Something we have seen rarely in recent years, compared to the heydays when it was regular as clockwork (such as this record from winter 2009), was an evening spike* in price – as captured in NEM-Watch at 18:15 market time:
* ok, it’s a blip, and not a spike
Now the blip that appeared today would have been entirely unremarkable in past years, but has been remarkable today for a couple of reasons – including:
1) That prices were elevated in all five regions (albeit a blip, rather than a spike);
2) That, coincident with this (and one causal factor), wind output had dropped to just below 100MW across the NEM ; and
3) As a result of the drop in non-scheduled renewables output (low wind + solar not running with the sun set) the scheduled demand could at least limp up to the green zones for most regions. Nowhere near the heydays of yesteryear, though, where winter demand in 2008 peaked at over 34,000MW across the NEM (we see here that the demand was a little bit above 26,000MW – or 8,000MW lower, above 10x the size of our largest aluminium smelter).

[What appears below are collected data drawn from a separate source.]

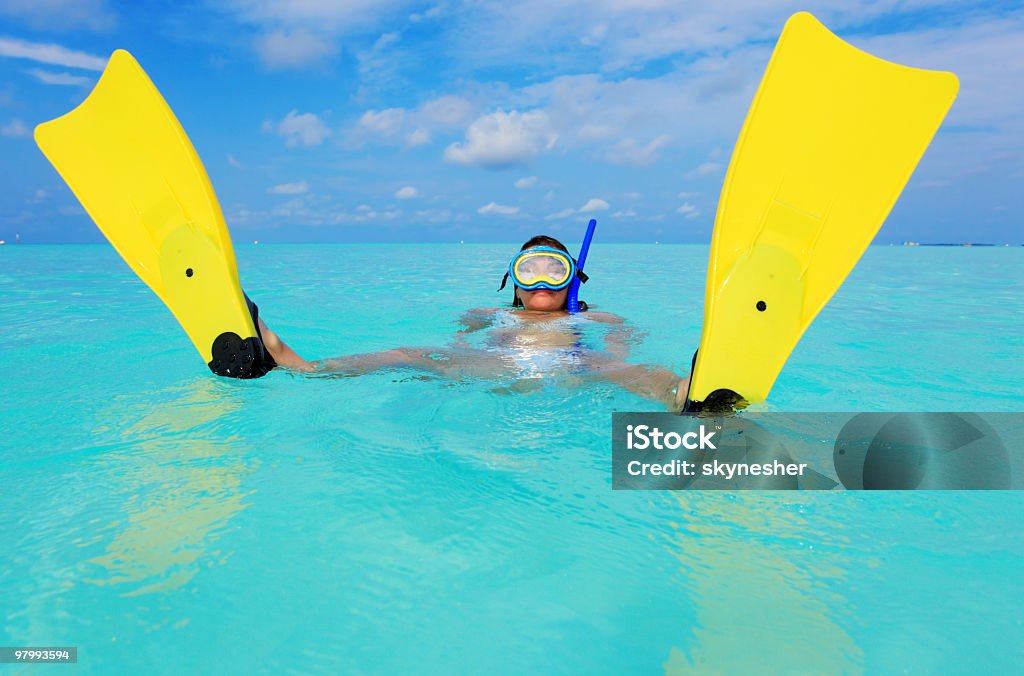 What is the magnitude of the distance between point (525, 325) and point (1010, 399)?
9.51 ft

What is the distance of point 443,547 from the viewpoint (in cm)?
173

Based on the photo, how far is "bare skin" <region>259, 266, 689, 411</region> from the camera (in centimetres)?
295

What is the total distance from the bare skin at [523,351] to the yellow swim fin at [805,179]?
1.33ft

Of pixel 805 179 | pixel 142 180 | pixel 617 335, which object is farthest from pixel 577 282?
pixel 142 180

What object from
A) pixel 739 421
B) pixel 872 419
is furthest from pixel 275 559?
pixel 872 419

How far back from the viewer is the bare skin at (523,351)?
9.69 ft

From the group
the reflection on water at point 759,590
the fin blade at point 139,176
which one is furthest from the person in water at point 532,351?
the reflection on water at point 759,590

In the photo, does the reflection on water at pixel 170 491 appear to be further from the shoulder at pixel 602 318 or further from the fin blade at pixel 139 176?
the shoulder at pixel 602 318

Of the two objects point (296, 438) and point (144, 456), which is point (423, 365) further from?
point (144, 456)

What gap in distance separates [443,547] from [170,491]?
101 cm

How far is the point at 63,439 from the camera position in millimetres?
2551

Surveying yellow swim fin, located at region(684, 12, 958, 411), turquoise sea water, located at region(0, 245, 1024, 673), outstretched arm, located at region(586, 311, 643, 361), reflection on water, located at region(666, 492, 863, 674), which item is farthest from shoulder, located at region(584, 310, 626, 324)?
reflection on water, located at region(666, 492, 863, 674)

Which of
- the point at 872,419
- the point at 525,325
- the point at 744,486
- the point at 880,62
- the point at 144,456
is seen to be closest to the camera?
the point at 744,486

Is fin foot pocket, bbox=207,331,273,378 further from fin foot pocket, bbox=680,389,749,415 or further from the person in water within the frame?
fin foot pocket, bbox=680,389,749,415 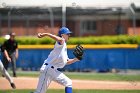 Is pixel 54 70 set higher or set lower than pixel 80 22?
higher

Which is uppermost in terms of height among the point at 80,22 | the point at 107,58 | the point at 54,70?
the point at 54,70

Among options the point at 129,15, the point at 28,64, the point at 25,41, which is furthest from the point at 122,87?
the point at 129,15

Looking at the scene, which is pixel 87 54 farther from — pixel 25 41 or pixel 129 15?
pixel 129 15

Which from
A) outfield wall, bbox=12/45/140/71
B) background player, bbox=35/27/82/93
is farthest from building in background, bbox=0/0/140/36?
background player, bbox=35/27/82/93

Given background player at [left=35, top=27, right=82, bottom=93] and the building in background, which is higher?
background player at [left=35, top=27, right=82, bottom=93]

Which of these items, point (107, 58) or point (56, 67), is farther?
point (107, 58)

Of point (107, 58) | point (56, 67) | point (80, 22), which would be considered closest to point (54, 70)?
point (56, 67)

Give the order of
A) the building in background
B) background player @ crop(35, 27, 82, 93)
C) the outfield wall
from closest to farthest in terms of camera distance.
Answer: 1. background player @ crop(35, 27, 82, 93)
2. the outfield wall
3. the building in background

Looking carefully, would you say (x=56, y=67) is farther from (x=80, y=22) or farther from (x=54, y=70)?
(x=80, y=22)

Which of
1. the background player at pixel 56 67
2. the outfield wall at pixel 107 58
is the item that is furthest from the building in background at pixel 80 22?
the background player at pixel 56 67

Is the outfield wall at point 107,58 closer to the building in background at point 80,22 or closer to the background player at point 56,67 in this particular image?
the building in background at point 80,22

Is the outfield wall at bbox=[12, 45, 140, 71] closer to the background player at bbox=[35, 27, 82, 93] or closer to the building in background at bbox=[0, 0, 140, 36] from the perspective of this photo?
the building in background at bbox=[0, 0, 140, 36]

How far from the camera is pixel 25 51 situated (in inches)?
1005

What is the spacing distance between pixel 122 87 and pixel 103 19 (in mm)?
20608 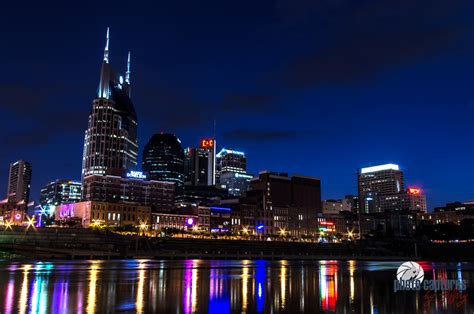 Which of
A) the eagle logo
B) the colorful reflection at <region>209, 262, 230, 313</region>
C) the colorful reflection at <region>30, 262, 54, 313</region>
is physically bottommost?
the colorful reflection at <region>209, 262, 230, 313</region>

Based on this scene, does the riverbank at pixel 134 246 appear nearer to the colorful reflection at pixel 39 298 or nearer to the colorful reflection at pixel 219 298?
the colorful reflection at pixel 39 298

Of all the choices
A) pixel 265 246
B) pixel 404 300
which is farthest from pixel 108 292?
pixel 265 246

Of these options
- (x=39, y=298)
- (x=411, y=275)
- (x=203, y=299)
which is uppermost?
(x=411, y=275)

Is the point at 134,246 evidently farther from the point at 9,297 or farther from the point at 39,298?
the point at 39,298

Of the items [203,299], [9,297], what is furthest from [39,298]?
[203,299]

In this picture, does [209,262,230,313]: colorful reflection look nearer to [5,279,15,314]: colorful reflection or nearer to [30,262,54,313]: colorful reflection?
[30,262,54,313]: colorful reflection

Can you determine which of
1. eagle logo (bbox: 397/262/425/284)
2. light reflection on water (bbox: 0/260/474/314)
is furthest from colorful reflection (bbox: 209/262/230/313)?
eagle logo (bbox: 397/262/425/284)

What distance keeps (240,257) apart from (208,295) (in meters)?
95.1


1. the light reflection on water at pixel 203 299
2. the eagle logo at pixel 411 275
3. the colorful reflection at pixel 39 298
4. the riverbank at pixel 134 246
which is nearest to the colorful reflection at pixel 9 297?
the light reflection on water at pixel 203 299

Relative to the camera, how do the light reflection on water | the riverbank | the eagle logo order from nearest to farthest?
the light reflection on water, the eagle logo, the riverbank

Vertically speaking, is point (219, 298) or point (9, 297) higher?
point (9, 297)

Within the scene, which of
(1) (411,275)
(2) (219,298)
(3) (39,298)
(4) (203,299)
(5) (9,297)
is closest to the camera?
(3) (39,298)

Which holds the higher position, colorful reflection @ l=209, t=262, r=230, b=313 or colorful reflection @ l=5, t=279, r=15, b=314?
colorful reflection @ l=5, t=279, r=15, b=314

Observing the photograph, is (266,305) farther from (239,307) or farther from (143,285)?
(143,285) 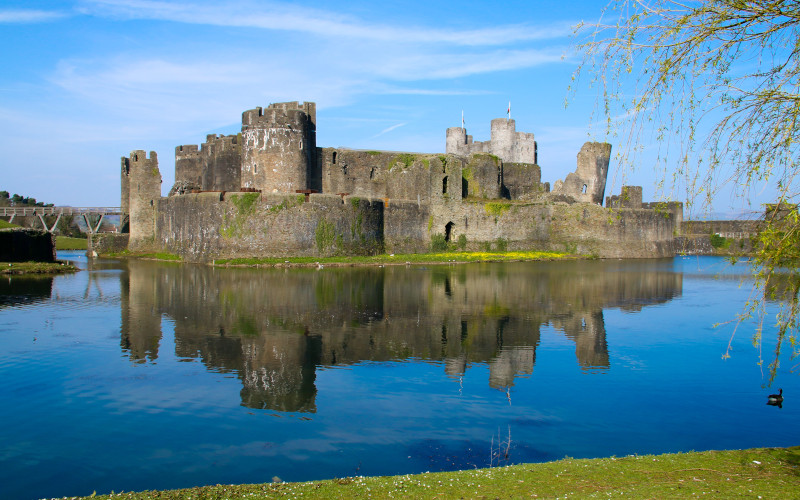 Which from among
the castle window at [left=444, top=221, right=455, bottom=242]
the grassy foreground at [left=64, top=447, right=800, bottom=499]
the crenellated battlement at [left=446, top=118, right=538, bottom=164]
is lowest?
the grassy foreground at [left=64, top=447, right=800, bottom=499]

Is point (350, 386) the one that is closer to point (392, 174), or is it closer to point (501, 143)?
point (392, 174)

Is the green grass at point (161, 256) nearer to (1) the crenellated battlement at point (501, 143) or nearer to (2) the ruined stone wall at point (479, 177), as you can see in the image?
(2) the ruined stone wall at point (479, 177)

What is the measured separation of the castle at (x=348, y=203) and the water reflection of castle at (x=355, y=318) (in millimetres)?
4986

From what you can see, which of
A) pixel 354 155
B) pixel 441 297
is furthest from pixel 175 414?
pixel 354 155

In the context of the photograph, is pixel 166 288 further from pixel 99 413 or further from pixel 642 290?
pixel 642 290

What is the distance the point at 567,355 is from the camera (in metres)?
12.4

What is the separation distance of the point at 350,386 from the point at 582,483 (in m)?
4.94

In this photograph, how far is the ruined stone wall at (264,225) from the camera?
3161 cm

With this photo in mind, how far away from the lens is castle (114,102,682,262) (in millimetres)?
32062

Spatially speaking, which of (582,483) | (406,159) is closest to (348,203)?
(406,159)

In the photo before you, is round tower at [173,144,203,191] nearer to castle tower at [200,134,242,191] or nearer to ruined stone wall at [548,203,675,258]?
castle tower at [200,134,242,191]

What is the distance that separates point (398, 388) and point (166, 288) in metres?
14.0

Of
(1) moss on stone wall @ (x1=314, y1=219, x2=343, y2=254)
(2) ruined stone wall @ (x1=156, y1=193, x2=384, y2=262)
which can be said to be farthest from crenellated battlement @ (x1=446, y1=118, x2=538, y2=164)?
(1) moss on stone wall @ (x1=314, y1=219, x2=343, y2=254)

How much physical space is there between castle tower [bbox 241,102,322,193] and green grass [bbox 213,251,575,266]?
6503mm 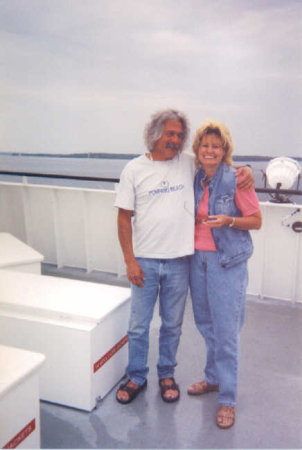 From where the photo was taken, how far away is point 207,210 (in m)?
1.85

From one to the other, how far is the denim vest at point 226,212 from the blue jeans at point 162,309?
0.23 meters

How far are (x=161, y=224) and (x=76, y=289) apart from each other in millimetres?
705

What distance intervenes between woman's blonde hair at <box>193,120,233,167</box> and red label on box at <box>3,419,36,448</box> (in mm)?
1238

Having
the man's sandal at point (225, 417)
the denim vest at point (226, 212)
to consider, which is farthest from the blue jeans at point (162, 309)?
the man's sandal at point (225, 417)

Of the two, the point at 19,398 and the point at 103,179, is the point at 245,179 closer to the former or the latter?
the point at 19,398

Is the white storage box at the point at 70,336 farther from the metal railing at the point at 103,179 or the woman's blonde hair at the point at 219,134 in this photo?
the metal railing at the point at 103,179

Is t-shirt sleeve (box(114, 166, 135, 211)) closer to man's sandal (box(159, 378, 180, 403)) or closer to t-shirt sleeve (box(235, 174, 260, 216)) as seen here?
t-shirt sleeve (box(235, 174, 260, 216))

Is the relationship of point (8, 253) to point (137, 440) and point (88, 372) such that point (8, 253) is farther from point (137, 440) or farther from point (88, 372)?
point (137, 440)

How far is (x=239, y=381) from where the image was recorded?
7.47 ft

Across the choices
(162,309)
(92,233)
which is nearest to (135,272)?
(162,309)

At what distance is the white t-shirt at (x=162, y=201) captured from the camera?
1871 mm

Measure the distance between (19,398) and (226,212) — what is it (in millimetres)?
1043

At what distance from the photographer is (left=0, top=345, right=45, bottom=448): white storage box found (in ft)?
4.47

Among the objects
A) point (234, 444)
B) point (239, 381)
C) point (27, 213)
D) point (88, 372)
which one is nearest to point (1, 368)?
point (88, 372) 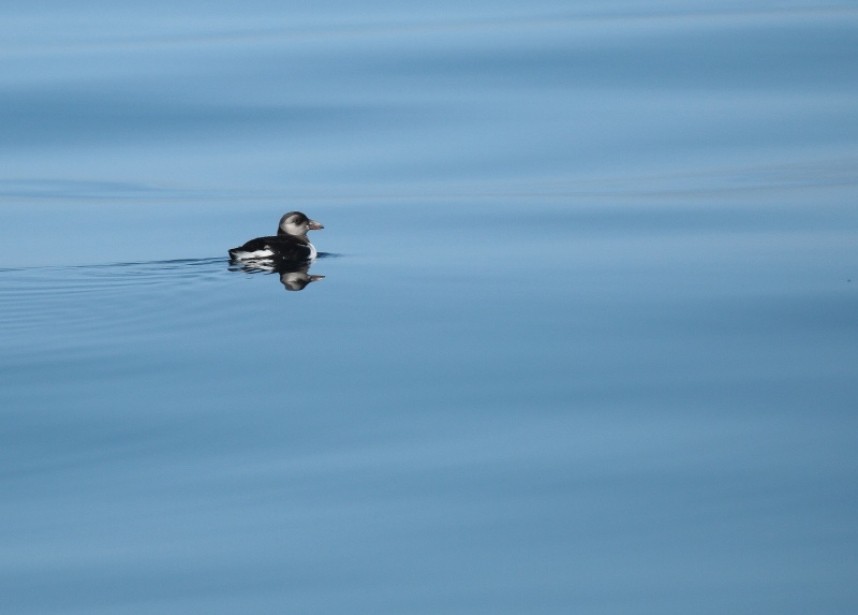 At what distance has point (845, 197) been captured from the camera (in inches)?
507

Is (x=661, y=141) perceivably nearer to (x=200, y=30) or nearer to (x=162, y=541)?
(x=200, y=30)

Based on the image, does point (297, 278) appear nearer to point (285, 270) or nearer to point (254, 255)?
point (285, 270)

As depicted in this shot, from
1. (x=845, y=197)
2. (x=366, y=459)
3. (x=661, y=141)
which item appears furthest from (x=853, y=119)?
(x=366, y=459)

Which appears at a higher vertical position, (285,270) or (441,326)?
(285,270)

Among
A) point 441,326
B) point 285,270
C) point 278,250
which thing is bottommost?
point 441,326

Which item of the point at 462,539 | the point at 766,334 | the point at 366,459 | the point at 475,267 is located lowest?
the point at 462,539

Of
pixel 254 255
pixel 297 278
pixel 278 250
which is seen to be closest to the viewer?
pixel 297 278

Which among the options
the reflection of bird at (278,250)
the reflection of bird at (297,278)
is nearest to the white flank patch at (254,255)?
the reflection of bird at (278,250)

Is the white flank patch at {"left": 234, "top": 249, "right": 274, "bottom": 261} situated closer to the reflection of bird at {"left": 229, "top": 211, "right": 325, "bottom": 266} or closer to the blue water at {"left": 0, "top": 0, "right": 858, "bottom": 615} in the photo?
the reflection of bird at {"left": 229, "top": 211, "right": 325, "bottom": 266}

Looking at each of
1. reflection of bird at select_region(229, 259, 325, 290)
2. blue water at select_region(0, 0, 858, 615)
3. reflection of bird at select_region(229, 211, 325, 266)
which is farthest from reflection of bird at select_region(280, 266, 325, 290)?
blue water at select_region(0, 0, 858, 615)

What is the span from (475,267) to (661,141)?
207 inches

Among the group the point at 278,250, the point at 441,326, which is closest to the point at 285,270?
the point at 278,250

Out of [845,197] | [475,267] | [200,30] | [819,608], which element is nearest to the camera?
[819,608]

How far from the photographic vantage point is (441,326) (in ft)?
29.9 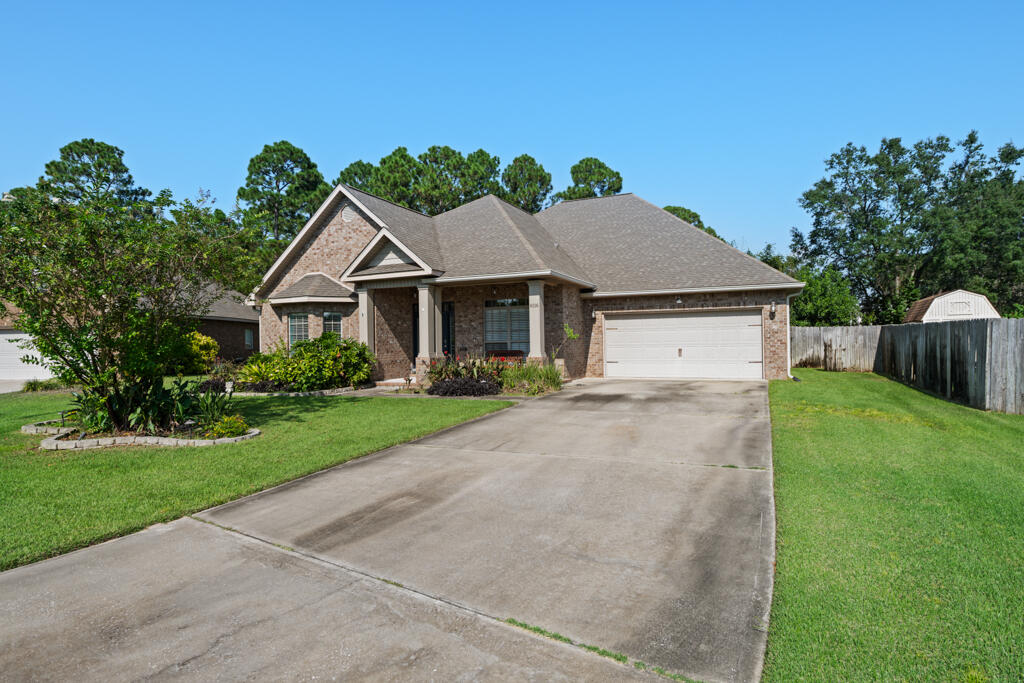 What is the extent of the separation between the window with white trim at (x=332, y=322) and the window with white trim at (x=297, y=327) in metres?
0.64

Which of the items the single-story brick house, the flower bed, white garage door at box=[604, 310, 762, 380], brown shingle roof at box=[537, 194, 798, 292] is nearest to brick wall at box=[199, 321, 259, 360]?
the single-story brick house

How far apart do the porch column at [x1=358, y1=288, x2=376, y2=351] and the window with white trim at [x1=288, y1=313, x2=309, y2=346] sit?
8.18ft

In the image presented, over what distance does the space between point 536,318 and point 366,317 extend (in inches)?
223

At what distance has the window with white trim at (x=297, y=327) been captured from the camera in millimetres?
18391

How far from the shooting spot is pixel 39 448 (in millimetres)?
8523

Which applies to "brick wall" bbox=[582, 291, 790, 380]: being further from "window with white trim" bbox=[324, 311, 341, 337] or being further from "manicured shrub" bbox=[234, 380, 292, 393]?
"manicured shrub" bbox=[234, 380, 292, 393]

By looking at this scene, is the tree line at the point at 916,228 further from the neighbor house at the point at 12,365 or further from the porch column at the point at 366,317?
the neighbor house at the point at 12,365

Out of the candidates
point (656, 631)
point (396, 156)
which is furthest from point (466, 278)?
point (396, 156)

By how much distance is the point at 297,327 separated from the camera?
1850 centimetres

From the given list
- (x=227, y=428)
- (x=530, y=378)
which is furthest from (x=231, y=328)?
(x=227, y=428)

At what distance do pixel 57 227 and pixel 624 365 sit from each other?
49.9ft

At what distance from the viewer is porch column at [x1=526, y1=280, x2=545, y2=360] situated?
50.3 ft

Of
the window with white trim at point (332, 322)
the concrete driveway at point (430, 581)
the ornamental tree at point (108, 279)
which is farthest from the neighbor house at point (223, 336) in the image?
the concrete driveway at point (430, 581)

The events this evening are especially noteworthy given the coincident release today of the Warburton RET Review.
I’ve not had time to read through the review yet, but there’s already a steady stream of comments from a range of parties on Twitter, LinkedIn and other social media about what’s included. Seems that what it recommends is not too dissimilar from what many renewables developers had feared.
Based on past experience, it seems that both sides could look on what’s happened this evening in the NEM and draw out different facts to justify their own prior perspectives on whether the RET is a good thing, or not.
One things seems certain – the see-saw on energy & climate policy is set to continue, to the detriment of all.
Opening up NEM-Review to trend over time, we see that (for NSW, and across the whole-NEM) the instantaneous “winter week-day evening peak” demand levels shown above are almost perfectly at the “average” level seen in the chart below.
The other regions are not shown as they are smaller.
As noted previously, there are a number of reasons why scheduled demand is declining:
(a) We first put this list of factors together in 2011; and
(b) Hugh Saddler then published this deeper analysis at the end of 2013.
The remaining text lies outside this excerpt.